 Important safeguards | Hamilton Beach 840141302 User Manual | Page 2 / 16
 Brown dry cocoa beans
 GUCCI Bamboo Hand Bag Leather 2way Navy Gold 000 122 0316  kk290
---
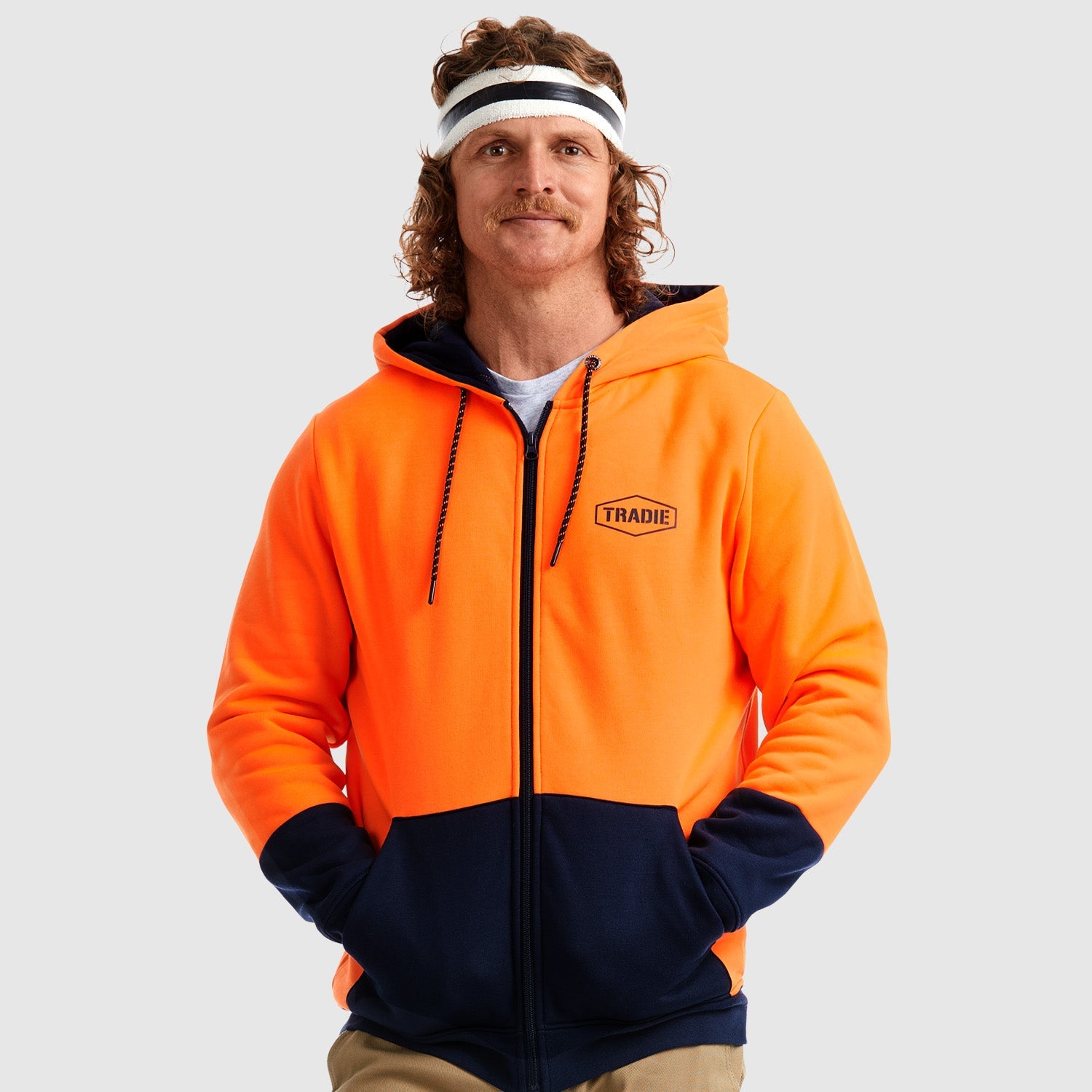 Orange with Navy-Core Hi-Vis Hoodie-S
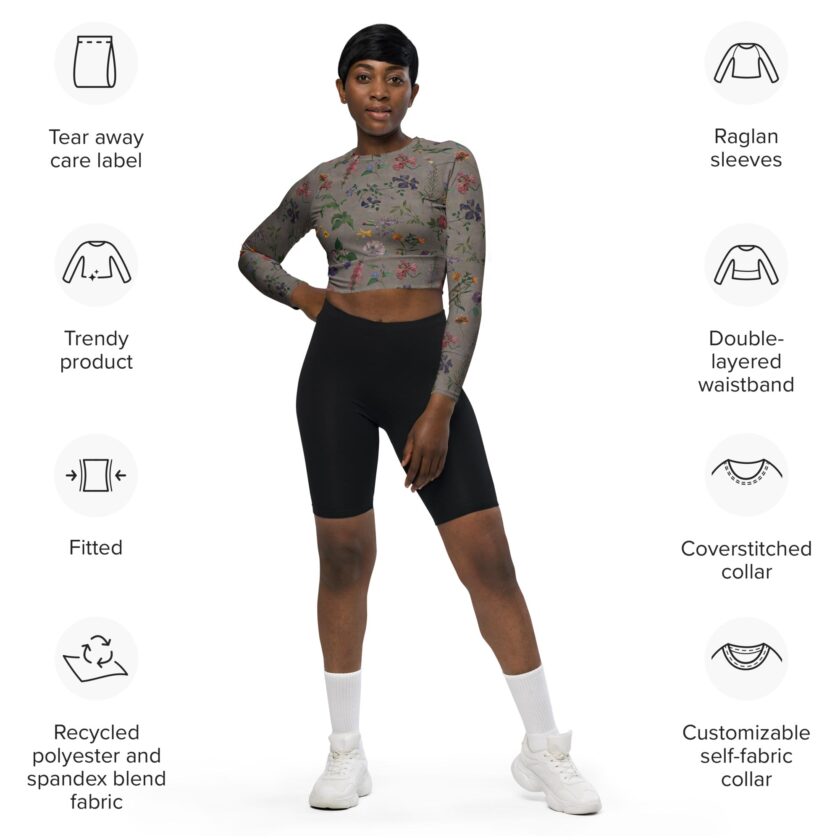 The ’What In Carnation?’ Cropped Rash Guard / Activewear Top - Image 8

## WHAT THE EXERCISE ASKS
Look in the material above for the line with "Brown dry cocoa beans" and the line with "GUCCI Bamboo Hand", and transcribe exactly those lines and all lines between them, nothing more.

## WRITTEN SOLUTION
 Brown dry cocoa beans
 GUCCI Bamboo Hand Bag Leather 2way Navy Gold 000 122 0316  kk290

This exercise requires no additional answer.